The expected answer is the set of lines in the data below between the line holding "downtown orlando, florida" and the line holding "Kitchen with open", inclusive, written out exactly.

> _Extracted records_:
____

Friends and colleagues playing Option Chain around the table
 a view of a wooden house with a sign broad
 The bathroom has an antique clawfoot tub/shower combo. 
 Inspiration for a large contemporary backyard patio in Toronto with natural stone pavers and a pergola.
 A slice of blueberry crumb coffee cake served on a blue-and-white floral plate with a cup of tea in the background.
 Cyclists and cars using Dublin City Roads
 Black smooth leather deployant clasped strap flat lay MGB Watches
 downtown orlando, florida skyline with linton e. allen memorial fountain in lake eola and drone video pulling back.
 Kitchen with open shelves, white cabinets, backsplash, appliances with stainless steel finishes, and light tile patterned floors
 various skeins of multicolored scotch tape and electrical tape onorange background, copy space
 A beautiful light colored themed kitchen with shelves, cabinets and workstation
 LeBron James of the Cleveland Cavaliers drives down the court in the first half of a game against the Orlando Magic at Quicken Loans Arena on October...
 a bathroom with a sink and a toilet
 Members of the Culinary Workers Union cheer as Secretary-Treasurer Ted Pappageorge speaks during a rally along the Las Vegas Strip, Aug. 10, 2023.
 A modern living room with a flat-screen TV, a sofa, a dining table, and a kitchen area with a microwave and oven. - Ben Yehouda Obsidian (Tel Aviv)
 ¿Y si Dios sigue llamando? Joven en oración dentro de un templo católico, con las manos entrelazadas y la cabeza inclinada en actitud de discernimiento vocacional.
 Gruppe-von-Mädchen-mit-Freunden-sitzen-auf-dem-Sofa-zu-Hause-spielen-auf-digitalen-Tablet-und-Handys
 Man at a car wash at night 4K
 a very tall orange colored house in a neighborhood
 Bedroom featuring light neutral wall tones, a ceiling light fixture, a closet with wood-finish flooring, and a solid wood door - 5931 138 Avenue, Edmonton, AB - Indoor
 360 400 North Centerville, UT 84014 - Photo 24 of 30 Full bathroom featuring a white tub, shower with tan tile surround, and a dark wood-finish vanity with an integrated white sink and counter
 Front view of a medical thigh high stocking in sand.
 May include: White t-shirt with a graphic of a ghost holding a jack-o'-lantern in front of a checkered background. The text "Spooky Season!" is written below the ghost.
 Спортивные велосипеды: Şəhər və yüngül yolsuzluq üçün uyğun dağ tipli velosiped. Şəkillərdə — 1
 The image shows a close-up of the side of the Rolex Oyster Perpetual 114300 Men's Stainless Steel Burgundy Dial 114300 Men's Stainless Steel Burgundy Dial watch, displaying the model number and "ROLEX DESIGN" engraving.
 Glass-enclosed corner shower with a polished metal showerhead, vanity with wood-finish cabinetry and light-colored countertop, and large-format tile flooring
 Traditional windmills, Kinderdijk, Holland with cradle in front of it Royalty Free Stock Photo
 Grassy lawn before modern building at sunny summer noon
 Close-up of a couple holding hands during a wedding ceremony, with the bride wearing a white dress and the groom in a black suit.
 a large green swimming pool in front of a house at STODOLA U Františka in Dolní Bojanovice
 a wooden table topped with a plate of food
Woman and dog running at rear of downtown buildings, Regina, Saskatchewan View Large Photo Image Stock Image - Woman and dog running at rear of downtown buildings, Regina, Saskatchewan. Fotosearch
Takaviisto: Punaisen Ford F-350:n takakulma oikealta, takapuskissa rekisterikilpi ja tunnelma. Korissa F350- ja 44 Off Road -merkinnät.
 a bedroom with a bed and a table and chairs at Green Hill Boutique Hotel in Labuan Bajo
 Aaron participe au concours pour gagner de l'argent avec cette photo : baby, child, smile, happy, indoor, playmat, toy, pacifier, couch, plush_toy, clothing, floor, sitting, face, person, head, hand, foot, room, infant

____

> _Answer for the task_:
 downtown orlando, florida skyline with linton e. allen memorial fountain in lake eola and drone video pulling back.
 Kitchen with open shelves, white cabinets, backsplash, appliances with stainless steel finishes, and light tile patterned floors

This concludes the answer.